Einer, der aus der Reihe tanzt

Bei den Engeln, die den Hirten die Nachricht von der Geburt des Gotteskindes überbrachten, war einer aus dem himmlischen Heer dabei, der sang falsch. Hatte er nicht richtig zugehört? Oder hatte er etwa die Chorproben im Himmel geschwänzt? Oder war er nicht ganz bei der Sache, wie sich das für einen Engel eigentlich gehören würde; war er in Gedanken vielleicht schon bei Maria und dem Jesuskind im Stall?

Dieser Engel in der hintersten Reihe wusste selbst nicht genau, wie es kam, dass er immer da, wo er hätte "Ehre sei Gott in der Höhe“ singen sollen, „Ehre sei Gott in der Tiefe“ sang! Überdies hatte er eine sehr kräftige Stimme, so dass sein "Ehre sei Gott in der Tiefe" nicht zu überhören war! Die Engel neben ihm stießen ihn an. "Höhe", flüsterten sie, "Ehre sei Gott in der Höhe!" Und als ob er schwerhörig sei, wiederholten sie: "Höhe-Höhe-Höhe!"
Der Engel jedoch sang unbeirrt weiter: "Ehre sei Gott in der Tiefe". Als der Gesang zu Ende war ging die Empörung los! Was ihm denn einfiele, so aus der Rolle zu fallen, das grenze ja schon an Gotteslästerung! Die göttliche Majestät sei in der Höhe und nicht in der Tiefe! Ganz geknickt war der kleine Engel aus der hintersten Reihe – doch hatte er einfach nicht anders singen können.
Können wir die Empörung der Engel teilen? "Ehre sei Gott in der Tiefe", hatte der kleine Engel gesungen; das tanzte gewiss sehr aus der Reihe, war gar nicht das, was die anderen Engel sangen – aber hatte er damit wirklich so unrecht?

Musik: J. S. Bach - Gloria in excelsis Deo - Bach Edition Mass in B Minor – Hohe Messe

Nicht nur im Himmel soll man Gott suchen, sondern zuerst auf Erden

Der Reformator Martin Luther könnte den Satz unterschreiben, denn er soll einmal gesagt haben: „Wer Gott finden will, der fange nicht oben im Himmel an, der fange unten im Stall, bei der Krippe an.“ Also in einer zugigen Unterkunft für Menschen und ihre Tiere, auf dem Boden aus festgestampfter Erde, wo ein roh zusammengezimmertes Behältnis für Tierfutter steht, wo jetzt ein Neugeborenes drin liegt, in seiner irdischen Bedürftigkeit, wehrlos, verletzbar.

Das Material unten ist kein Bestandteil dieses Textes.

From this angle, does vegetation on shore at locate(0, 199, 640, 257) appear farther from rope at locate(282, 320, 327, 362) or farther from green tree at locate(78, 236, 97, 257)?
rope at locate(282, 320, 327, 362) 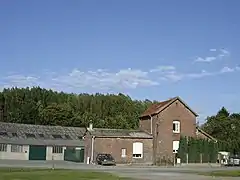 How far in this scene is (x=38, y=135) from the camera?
8238 centimetres

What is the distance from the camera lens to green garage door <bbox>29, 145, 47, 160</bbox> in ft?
259

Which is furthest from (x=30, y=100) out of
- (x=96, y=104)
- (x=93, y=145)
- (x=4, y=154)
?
(x=93, y=145)

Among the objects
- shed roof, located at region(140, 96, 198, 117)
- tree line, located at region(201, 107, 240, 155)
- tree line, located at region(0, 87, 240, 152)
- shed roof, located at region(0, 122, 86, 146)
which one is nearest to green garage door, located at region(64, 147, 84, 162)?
shed roof, located at region(0, 122, 86, 146)

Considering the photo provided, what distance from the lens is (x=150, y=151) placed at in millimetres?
71250

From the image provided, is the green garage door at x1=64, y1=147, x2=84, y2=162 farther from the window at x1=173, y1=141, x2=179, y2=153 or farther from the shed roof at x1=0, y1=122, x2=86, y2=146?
the window at x1=173, y1=141, x2=179, y2=153

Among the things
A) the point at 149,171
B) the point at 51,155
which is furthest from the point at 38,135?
the point at 149,171

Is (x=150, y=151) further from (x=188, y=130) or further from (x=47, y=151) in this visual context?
(x=47, y=151)

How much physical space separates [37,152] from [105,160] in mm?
20174

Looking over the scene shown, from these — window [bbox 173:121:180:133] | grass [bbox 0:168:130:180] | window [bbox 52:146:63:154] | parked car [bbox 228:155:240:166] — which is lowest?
parked car [bbox 228:155:240:166]

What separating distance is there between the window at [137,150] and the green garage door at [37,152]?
18.6m

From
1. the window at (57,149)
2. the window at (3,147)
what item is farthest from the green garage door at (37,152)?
the window at (3,147)

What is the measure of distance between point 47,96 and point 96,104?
14185mm

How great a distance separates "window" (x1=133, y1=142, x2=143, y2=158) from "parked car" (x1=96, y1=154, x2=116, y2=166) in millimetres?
5659

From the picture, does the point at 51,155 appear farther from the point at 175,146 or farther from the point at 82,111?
the point at 82,111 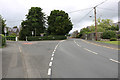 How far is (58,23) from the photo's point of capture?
47781mm

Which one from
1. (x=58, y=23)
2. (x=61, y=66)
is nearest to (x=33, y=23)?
(x=58, y=23)

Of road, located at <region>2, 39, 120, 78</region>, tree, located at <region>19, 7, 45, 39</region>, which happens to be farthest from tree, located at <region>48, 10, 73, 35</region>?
road, located at <region>2, 39, 120, 78</region>

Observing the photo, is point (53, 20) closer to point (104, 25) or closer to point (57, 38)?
point (57, 38)

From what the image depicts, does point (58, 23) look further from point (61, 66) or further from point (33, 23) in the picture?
point (61, 66)

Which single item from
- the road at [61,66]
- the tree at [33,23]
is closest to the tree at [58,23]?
the tree at [33,23]

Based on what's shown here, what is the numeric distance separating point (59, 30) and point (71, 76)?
4325 centimetres

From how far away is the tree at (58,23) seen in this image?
47469 millimetres

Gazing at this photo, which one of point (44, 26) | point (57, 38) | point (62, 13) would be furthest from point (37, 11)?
point (57, 38)

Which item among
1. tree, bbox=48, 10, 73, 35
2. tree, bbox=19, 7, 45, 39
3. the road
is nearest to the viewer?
the road

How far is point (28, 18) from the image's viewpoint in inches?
1912

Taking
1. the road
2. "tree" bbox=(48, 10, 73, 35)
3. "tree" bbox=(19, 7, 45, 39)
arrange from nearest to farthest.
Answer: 1. the road
2. "tree" bbox=(19, 7, 45, 39)
3. "tree" bbox=(48, 10, 73, 35)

So soll man sich Gott vorstellen! Nein, falsch, eben nicht mehr sich vorstellen, sondern man soll jede Vorstellung von ihm über den Haufen werfen. Denn mit einer solchen Menschwerdung hat Gott sich von unten her in das Leben der Menschen eingemischt. Geheimnis des Glaubens: Es hat Gott gefallen, uns auf eine Weise nahe zu sein, wie wir es selbst uns nicht hätten ausdenken können.

Ehre sei Gott in der Tiefe! Damit stellt der kleine Engel alles auf den Kopf – und ist von der Weihnachtsbotschaft nicht weit entfernt. Vielleicht näher als viele herrliche Engel, die Gott in der Höhe preisen. Gott - nicht im Himmel, sondern auf Erden! Gott – nicht oben, sondern unten. Gott – kein Allherrscher, sondern ein Kind, geboren in einem Stall, armselig, ohnmächtig, schutzbedürftig, der Pflege und Fürsorge von armen Menschen anvertraut. „Ehre sei Gott in der Tiefe“ – viel Mut brauchte es für den kleinen Engel, so etwas zu singen und hartnäckig dabei zu bleiben, gegen die Empörung der großen, mächtigen Engel!

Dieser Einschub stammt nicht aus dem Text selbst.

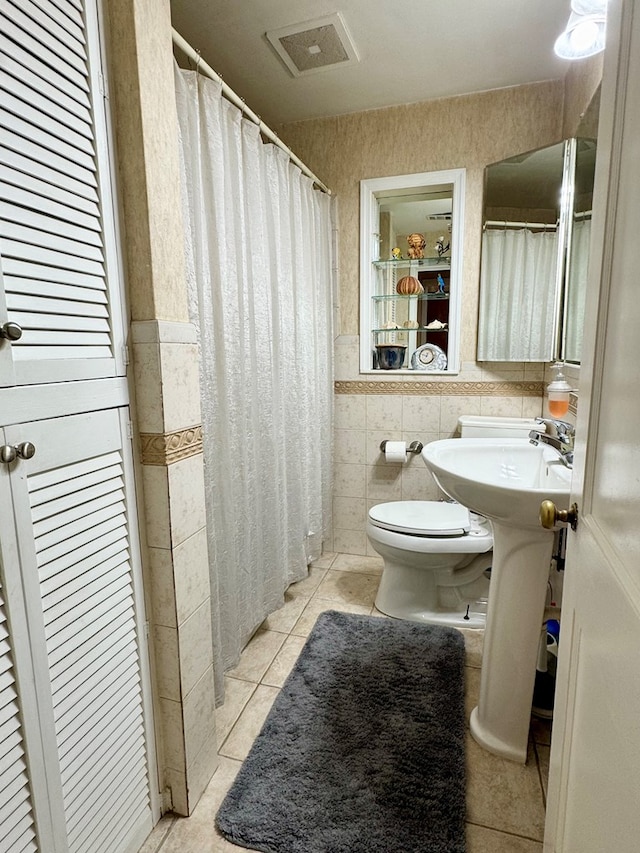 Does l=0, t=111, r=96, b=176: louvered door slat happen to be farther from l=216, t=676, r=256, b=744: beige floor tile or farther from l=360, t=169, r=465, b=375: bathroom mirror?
l=360, t=169, r=465, b=375: bathroom mirror

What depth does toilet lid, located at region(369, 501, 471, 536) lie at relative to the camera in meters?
1.85

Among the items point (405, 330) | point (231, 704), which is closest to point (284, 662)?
point (231, 704)

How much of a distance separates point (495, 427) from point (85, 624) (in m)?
1.80

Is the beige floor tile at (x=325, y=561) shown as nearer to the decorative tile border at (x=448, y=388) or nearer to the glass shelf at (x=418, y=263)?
the decorative tile border at (x=448, y=388)

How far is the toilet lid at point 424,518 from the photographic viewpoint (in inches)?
72.8

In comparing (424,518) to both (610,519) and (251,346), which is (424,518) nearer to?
(251,346)

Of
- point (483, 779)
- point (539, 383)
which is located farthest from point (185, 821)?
point (539, 383)

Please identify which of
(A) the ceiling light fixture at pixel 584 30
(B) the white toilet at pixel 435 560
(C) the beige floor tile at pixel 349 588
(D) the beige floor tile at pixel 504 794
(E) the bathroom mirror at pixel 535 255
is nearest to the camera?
(D) the beige floor tile at pixel 504 794

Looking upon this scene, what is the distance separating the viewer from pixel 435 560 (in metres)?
1.87

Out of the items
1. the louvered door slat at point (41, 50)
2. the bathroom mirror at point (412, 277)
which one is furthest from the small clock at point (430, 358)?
the louvered door slat at point (41, 50)

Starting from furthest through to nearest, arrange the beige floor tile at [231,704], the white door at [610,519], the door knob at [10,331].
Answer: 1. the beige floor tile at [231,704]
2. the door knob at [10,331]
3. the white door at [610,519]

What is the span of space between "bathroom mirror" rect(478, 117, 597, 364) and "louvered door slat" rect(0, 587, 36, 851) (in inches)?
68.6

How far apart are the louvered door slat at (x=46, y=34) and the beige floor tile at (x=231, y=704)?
1706 millimetres

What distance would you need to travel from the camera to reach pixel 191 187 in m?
1.24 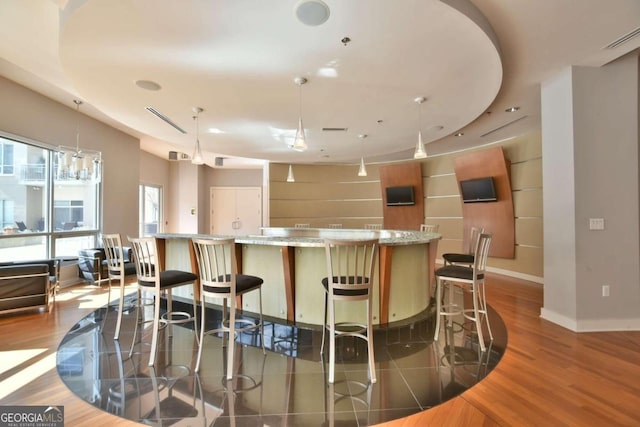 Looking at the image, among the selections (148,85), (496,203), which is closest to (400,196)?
(496,203)

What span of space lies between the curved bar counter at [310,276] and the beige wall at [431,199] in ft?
11.7

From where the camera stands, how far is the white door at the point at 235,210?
10203mm

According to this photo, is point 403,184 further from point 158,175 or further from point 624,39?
point 158,175

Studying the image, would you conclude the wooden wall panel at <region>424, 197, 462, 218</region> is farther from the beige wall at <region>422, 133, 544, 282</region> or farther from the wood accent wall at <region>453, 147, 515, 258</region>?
the wood accent wall at <region>453, 147, 515, 258</region>

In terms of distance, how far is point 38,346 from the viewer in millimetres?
2850

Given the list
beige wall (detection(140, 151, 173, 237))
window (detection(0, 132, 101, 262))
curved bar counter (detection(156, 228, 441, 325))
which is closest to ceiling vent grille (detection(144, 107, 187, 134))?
window (detection(0, 132, 101, 262))

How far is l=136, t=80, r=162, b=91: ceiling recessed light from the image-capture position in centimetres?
314

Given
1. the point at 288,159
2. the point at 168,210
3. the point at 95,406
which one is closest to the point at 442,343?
the point at 95,406

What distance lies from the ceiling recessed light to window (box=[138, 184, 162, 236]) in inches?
237

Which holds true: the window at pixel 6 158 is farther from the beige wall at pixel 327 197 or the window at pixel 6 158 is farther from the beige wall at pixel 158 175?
the beige wall at pixel 327 197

Was für eine Botschaft – Gott kommt zu den Menschen in die „Tiefe“

Gott in der Tiefe zu verehren, das fällt uns schon schwer. Was bedeutet die „Tiefe“ eigentlich: Es bedeutet, zu akzeptieren, dass Gott ganz Mensch geworden ist. Einer von uns. Ja, dazu braucht es unsere Akzeptanz, denn wir stellen uns doch Gott lieber „göttlich“ vor, hoch erhaben, allmächtig! Die Legende um die Geburt des Christus im Stall bei armen Leuten ist nicht zufällig entstanden. Sie hat ihren tiefen Sinn und Berechtigung. Wir sind gewohnt, das Verehrungswürdige oben zu denken, das ist unsere eingewurzelte Empfindung.

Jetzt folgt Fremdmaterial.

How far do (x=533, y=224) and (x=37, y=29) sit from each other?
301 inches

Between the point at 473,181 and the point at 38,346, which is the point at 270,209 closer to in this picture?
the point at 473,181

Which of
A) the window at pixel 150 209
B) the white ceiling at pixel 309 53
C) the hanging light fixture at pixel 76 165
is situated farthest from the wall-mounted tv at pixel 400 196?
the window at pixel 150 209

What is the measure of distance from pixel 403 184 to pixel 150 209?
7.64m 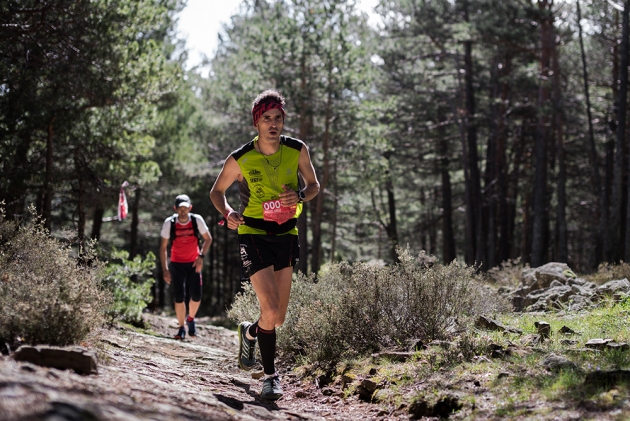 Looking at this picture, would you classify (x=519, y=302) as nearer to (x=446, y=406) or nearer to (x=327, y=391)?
(x=327, y=391)

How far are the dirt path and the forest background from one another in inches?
139

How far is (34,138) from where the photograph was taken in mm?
11391

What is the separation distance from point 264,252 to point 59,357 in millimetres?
1875

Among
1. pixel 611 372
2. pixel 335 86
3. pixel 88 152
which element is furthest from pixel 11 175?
pixel 335 86

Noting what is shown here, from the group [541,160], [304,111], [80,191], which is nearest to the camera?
[80,191]

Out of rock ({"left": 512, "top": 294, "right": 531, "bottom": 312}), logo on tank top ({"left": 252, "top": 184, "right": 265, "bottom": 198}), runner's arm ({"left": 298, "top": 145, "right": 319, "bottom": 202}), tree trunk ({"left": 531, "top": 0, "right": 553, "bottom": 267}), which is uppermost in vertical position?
tree trunk ({"left": 531, "top": 0, "right": 553, "bottom": 267})

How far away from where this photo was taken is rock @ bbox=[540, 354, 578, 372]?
4379 millimetres

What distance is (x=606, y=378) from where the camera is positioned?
3973 millimetres

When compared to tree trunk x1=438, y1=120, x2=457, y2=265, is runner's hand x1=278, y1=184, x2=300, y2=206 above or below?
below

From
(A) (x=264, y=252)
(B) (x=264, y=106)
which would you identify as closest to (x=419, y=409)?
(A) (x=264, y=252)

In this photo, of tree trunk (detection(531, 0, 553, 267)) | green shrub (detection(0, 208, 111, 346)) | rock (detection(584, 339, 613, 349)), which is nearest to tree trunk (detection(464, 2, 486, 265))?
tree trunk (detection(531, 0, 553, 267))

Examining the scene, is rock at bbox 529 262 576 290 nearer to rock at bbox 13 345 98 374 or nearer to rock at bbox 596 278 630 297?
rock at bbox 596 278 630 297

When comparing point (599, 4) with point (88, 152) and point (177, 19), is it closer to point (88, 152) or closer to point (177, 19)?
point (177, 19)

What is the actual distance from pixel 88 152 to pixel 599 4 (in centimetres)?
1707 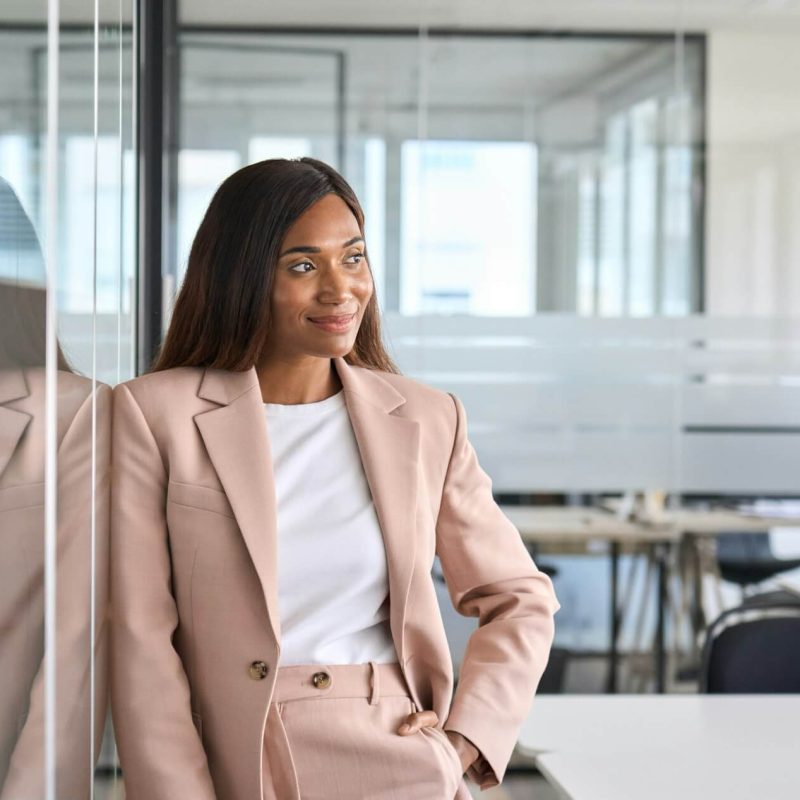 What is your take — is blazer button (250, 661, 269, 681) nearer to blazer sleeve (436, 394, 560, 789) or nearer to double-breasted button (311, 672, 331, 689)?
double-breasted button (311, 672, 331, 689)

Da können wir die ordentlichen, rechtschaffenen Engel begreifen – sie, die Tag und Nacht den Herren loben! Lobet den Herren, den mächtigen König der Ehren! Heißt es in einem anderen, uns vertrauten Kirchenlied. Diesen, mächtigen König der Ehren – unten soll er sein, gar nicht erhaben, zum Anfassen, gar schutzbedürftig? Unten, das heißt auf der Erde, nicht im Himmel, sondern bei uns, in unserem Alltag, wo es gewöhnlich, banal und trist sein kann, unten, wo auch die kleinen Leute wohnen mit ihren Bedürfnissen und ihren Wünschen. Aber so war es Gottes Wille, sich in dem Gesichtchen des Arme-Leute-Kindes zu erkennen zu geben. Und was er als würdig erachtet, mit seiner Gegenwart verklärt und verwandelt – das können wir doch nicht verachten?

Musik: J. S. Bach - Et incarnatus est - Bach Edition Mass in B Minor – Hohe Messe

Der aufgeklärte Verstand sagt, dass die Weihnachtsgeschichte reine Legendenbildung um die Geburt Jesu sei. Ja - und doch ist die Geburtsgeschichte Jesu ein tief stimmiges Bild für etwas, das uns jedes Jahr neu ergreifen und uns liebevoll zeigen will, wessen wir bedürftig sind. Sie lehrt uns, dass Gott im eigentlichen alltäglichen Leben gesucht und gefunden sein will. Gott in der Tiefe verehren heißt, sein Königreich hier, jetzt zwischen uns entstehen zu lassen – sei es auch nur einen Lichtstrahl lang, sei es auch nur für die Dauer eines Augenblicks. Denn er ist Mensch geworden, weil er innige Gemeinschaft mit uns wollte. „Die Sehnsucht Gottes ist der Mensch“, sagte Angelus Silesius. Wenn wir die Weihnachtsgeschichte hören, sollen wir jedes Jahr neu bedenken, wie nah sich Gott mit uns verbunden hat.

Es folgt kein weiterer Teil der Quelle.